Refinery - the Honeycomb Sampling Proxy
Release Information
For a detailed list of linked pull requests merged in each release, see CHANGELOG.md. For more readable information about recent changes, please see RELEASE_NOTES.md.
Purpose
Refinery is a trace-aware tail-based sampling proxy. It examines whole traces and intelligently applies sampling decisions (whether to keep or discard) to each trace.
Tail-based sampling allows you to inspect a whole trace and make a decision to sample based on its contents. For example, the root span has the HTTP status code to serve for a request, whereas another span might have information on whether the data was served from a cache. Using Refinery, you can choose to keep only traces that had a 500
status code and were also served from a cache.
Refinery's tail sampling capabilities
Refinery support several kinds of tail sampling:
- Dynamic sampling - By configuring a set of fields on a trace that make up a key, the sampler automatically increases or decreases the sampling rate based on how frequently each unique value of that key occurs. For example, a key made up of
http.status_code
will sample much less traffic for requests that return 200 than for requests that return404
. - Rules-based sampling - This enables you to define sampling rates for well-known conditions. For example, you can sample 100% of traces with an error and then fall back to dynamic sampling for all other traffic.

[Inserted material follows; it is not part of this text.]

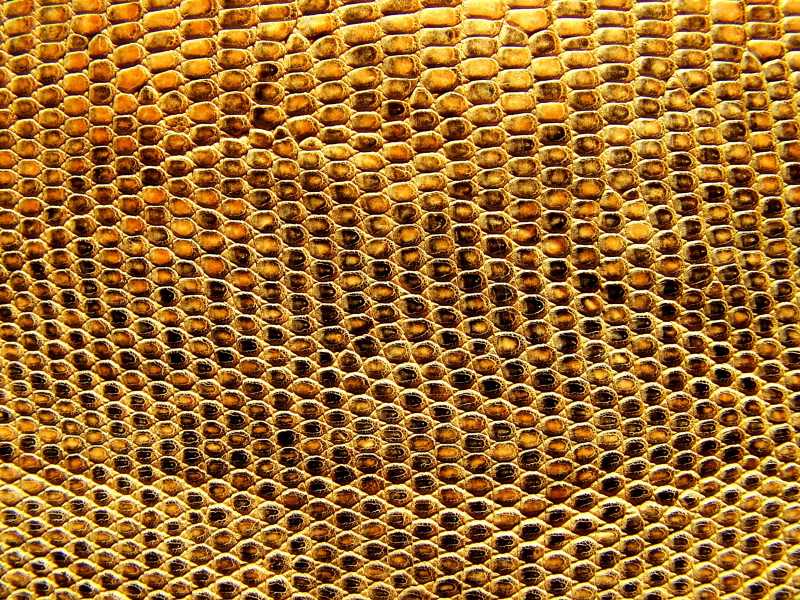 黄色的皮革纹理背景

- Throughput-based sampling - This enables you to sample traces based on a fixed upper bound on the number of spans per second. The sampler will sample traces with a goal to keep the throughput below the specified limit.
- Deterministic probability sampling - Although deterministic probability sampling is also used in head sampling, it is still possible to use it in tail sampling.
Refinery lets you combine all of the above techniques to achieve your desired sampling behavior.
Setting up Refinery
Refinery is designed to sit within your infrastructure where all traces can reach it. A standard deployment will have a cluster of two or more Refinery processes accessible via a separate load balancer. Refinery processes must be able to communicate with each other to concentrate traces on single servers.
Within your application (or other Honeycomb event sources) you would configure the API Host
to be http(s)://load-balancer/. Everything else remains the same (api key, dataset name, etc. - all that lives with the originating client).
Minimum configuration
The Refinery cluster should have at least 2 servers with 2GB RAM and access to 2 cores each.
Additional RAM and CPU can be used by increasing configuration values to have a larger CacheCapacity
. The cluster should be monitored for panics caused by running out of memory and scaled up (with either more servers or more RAM per server) when they occur.
Setting up Refinery in Kubernetes
Refinery is available as a Helm chart in the Honeycomb Helm repository.
You can install Refinery with the following command:
helm repo add honeycomb https://honeycombio.github.io/helm-charts
helm install refinery honeycomb/refinery
This will use the default values file. You can also supply your own:
helm install refinery honeycomb/refinery --values /path/to/refinery-values.yaml
Configuration
Configuration is done in one of two ways, either entirely by the config file or a combination of the config file and a Redis service for managing the list of peers in the cluster. When using Redis, it only manages peers; all other configuration remains managed by the config file.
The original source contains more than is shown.